When in doubt, check the Tera documentation.
Partially handled
Section titled “Partially handled”_copy_without_render — Translated to diecut’s [files] copy_without_render, but cookiecutter and diecut use slightly different glob implementations. Review your patterns after migration. A --dry-run will show you what gets matched.
Single-underscore private keys — Keys like _internal_value in cookiecutter.json are silently dropped. These are cookiecutter-internal variables not meant for templates. If you were actually using them in templates, you’ll need to re-add them as regular variables in diecut.toml.
Behavioral differences
Section titled “Behavioral differences”File rendering — Cookiecutter renders every file through Jinja2. diecut only renders files ending in .tera. When diecut runs a cookiecutter template in compatibility mode, it renders all files to match cookiecutter’s behavior. But after diecut migrate, files are no longer auto-rendered. You need to add the .tera extension to any file that contains template syntax. The migration command does this for you for files it detects template syntax in, but double-check the results.
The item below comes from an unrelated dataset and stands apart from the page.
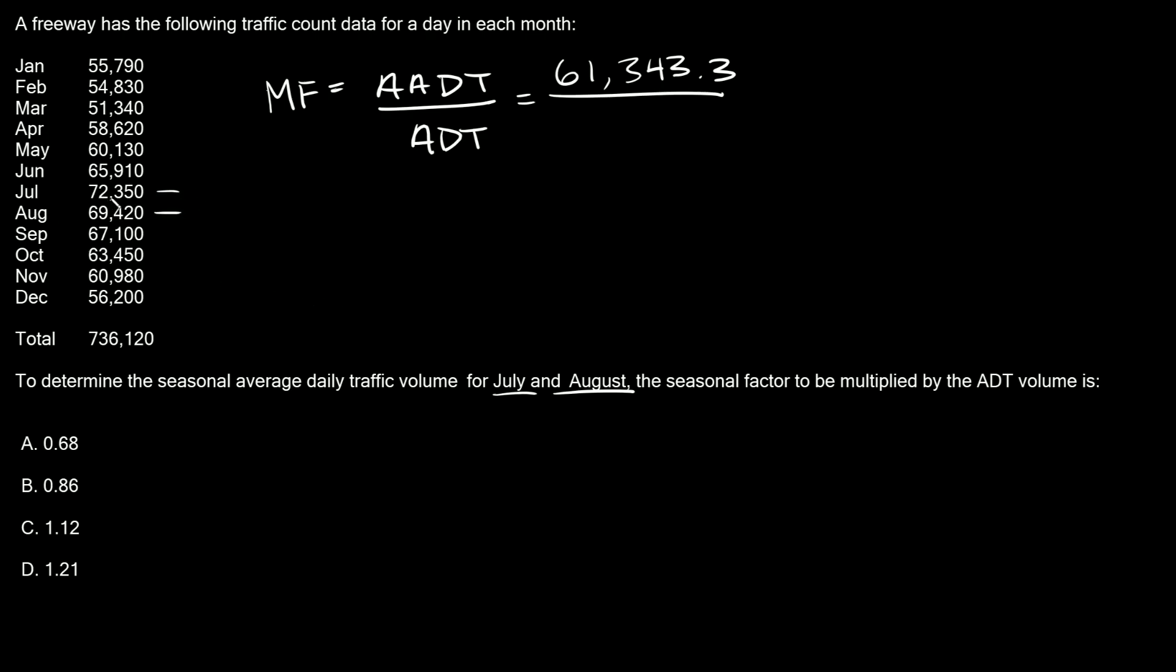July is 72,350 and August is 69,420. The average of those two is 70,885.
Variable namespace — In cookiecutter templates, variables are referenced as cookiecutter.project_name. When using a cookiecutter template directly (diecut new), diecut preserves this namespace so existing templates work. After diecut migrate, references are rewritten to just project_name. If you have template syntax in places the migration doesn’t scan (like generated scripts or deeply nested files), you may need to fix leftover cookiecutter. references manually.